§ **What the task asks**
Output, word for word, every line from the line with "Abstract futuristic digital" through the final line of the data below.

§ **Exercise input**
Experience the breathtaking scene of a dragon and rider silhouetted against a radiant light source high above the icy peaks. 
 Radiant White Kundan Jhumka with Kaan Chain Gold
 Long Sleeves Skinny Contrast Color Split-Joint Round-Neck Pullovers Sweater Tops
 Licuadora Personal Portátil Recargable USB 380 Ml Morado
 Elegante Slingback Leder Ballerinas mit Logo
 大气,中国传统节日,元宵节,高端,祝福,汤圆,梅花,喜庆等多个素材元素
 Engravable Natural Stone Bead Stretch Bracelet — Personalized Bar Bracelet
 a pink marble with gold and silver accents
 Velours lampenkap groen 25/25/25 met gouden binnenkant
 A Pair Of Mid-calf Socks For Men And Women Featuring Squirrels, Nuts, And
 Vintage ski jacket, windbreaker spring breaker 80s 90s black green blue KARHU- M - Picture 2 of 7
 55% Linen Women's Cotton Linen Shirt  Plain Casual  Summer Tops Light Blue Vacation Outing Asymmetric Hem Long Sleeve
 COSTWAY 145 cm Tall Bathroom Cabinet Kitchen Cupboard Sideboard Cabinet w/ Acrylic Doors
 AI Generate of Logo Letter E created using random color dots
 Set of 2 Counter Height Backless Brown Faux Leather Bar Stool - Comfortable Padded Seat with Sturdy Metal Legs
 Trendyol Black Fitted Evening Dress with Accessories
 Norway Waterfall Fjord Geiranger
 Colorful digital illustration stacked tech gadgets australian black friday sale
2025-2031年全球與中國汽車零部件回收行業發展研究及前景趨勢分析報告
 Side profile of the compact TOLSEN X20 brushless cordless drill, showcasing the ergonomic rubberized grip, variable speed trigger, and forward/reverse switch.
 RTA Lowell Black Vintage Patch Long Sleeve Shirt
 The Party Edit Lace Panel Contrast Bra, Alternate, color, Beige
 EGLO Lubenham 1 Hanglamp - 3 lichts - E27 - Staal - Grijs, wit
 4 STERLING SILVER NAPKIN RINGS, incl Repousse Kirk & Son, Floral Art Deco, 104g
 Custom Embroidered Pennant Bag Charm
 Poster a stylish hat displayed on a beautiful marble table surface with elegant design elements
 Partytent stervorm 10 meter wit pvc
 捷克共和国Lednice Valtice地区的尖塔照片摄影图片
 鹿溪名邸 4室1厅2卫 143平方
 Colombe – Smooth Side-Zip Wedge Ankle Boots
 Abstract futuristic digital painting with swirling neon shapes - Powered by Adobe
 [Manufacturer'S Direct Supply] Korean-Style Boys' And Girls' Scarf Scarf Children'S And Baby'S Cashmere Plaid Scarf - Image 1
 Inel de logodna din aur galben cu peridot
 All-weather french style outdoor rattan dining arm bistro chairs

§ **Task answer**
 Abstract futuristic digital painting with swirling neon shapes - Powered by Adobe
 [Manufacturer'S Direct Supply] Korean-Style Boys' And Girls' Scarf Scarf Children'S And Baby'S Cashmere Plaid Scarf - Image 1
 Inel de logodna din aur galben cu peridot
 All-weather french style outdoor rattan dining arm bistro chairs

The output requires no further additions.